Input material Start Marker

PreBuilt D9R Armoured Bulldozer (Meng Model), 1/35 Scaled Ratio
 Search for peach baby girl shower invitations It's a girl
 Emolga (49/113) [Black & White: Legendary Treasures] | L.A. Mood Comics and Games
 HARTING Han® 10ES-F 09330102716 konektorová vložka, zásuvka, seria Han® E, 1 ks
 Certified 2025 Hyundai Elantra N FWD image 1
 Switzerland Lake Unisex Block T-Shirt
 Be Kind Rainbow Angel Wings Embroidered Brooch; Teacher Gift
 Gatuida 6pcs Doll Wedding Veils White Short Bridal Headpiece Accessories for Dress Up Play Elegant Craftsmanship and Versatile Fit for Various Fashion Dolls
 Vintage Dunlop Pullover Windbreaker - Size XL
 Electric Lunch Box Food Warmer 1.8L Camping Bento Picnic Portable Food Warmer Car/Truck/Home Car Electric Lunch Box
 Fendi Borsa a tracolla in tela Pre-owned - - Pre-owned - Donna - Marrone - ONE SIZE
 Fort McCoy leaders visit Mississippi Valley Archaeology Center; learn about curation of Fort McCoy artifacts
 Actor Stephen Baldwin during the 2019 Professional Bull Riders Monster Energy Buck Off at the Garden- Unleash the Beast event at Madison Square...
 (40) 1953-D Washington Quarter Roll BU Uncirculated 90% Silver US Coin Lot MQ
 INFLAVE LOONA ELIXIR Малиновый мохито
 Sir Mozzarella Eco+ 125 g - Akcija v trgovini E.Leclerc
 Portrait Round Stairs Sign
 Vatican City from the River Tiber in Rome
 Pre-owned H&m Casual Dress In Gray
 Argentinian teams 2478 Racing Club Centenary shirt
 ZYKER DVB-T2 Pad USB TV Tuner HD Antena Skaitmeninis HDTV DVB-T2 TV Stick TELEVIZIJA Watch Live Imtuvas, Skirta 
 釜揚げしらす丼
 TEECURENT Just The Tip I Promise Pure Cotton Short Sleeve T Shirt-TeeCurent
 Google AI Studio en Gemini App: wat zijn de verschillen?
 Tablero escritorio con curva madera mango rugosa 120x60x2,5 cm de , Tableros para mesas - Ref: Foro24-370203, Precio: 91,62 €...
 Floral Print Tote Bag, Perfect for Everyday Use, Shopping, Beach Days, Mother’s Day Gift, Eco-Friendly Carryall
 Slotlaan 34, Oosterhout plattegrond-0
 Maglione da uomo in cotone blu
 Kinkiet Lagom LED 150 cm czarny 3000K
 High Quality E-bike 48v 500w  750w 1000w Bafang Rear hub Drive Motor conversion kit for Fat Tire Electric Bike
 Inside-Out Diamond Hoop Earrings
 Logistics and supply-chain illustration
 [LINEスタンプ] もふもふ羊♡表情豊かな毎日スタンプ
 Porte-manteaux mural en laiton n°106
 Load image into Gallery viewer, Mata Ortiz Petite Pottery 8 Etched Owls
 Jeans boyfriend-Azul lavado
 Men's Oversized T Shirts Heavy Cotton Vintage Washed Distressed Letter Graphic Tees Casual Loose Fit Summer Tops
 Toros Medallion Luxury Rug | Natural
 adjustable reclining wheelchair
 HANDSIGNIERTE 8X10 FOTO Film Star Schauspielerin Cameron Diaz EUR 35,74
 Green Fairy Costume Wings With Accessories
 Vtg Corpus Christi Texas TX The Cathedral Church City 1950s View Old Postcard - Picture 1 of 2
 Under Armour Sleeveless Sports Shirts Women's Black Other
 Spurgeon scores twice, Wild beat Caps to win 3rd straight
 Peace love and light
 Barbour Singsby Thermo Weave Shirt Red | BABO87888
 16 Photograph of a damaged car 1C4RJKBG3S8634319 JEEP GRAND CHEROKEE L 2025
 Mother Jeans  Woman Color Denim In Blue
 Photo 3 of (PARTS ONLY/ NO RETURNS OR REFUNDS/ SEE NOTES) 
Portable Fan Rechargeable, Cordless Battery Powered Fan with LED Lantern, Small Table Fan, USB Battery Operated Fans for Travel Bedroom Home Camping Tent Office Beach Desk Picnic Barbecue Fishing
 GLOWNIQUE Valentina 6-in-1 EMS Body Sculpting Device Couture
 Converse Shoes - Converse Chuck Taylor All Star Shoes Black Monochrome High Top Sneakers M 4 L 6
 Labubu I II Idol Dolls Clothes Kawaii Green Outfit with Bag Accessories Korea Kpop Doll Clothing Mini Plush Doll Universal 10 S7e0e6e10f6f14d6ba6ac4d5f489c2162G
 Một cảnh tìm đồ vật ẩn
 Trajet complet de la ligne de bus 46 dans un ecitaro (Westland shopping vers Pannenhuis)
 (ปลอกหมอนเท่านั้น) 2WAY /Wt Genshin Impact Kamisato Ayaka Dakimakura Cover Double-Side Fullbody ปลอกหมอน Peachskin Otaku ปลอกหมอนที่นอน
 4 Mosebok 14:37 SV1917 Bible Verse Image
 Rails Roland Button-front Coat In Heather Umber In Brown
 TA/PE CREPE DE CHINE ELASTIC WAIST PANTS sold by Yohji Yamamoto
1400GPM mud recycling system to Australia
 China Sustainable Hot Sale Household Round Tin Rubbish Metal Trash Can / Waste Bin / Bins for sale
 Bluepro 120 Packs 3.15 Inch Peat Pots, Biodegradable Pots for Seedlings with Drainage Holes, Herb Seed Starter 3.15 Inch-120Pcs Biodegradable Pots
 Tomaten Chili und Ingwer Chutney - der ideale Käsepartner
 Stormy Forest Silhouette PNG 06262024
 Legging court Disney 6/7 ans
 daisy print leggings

Input material End Marker

Exercise directions: Go through the entries and copy every line that has "Shirts".

Output for this exercise:
 Men's Oversized T Shirts Heavy Cotton Vintage Washed Distressed Letter Graphic Tees Casual Loose Fit Summer Tops
 Under Armour Sleeveless Sports Shirts Women's Black Other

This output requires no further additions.